◆ **YOUR ASSIGNMENT**
Reproduce the opening lines of the records exactly, up to and including the line in which "Cosmetic Dentist in Colombia" occurs.
:: DATASET CONTENT ::
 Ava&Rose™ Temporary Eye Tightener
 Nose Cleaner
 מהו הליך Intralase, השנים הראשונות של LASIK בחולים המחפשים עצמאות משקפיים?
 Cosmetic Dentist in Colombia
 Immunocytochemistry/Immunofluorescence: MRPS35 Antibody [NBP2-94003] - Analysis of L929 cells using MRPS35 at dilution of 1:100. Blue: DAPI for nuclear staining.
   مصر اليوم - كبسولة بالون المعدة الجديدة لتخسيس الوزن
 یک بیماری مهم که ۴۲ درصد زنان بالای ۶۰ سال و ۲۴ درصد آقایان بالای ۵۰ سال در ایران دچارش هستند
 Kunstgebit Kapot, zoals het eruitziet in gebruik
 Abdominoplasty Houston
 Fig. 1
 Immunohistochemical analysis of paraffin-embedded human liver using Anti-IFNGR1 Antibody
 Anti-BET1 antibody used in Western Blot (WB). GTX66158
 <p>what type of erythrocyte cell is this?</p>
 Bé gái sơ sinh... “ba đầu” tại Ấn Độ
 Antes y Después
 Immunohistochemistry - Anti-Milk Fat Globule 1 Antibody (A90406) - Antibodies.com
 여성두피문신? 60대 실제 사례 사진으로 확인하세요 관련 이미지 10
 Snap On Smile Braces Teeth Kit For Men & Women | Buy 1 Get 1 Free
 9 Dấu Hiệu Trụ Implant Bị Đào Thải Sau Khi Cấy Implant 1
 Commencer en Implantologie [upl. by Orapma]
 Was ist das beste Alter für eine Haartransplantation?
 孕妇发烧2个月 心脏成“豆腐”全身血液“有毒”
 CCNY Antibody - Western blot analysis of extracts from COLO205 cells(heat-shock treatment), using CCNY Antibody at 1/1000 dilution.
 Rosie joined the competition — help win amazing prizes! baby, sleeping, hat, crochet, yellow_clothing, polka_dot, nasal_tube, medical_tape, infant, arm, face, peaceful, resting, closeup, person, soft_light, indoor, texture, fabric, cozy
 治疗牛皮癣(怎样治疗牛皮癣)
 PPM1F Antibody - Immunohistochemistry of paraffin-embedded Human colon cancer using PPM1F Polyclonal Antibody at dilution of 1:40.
:::
◆ **REPLY TO THE EXERCISE**
 Ava&Rose™ Temporary Eye Tightener
 Nose Cleaner
 מהו הליך Intralase, השנים הראשונות של LASIK בחולים המחפשים עצמאות משקפיים?
 Cosmetic Dentist in Colombia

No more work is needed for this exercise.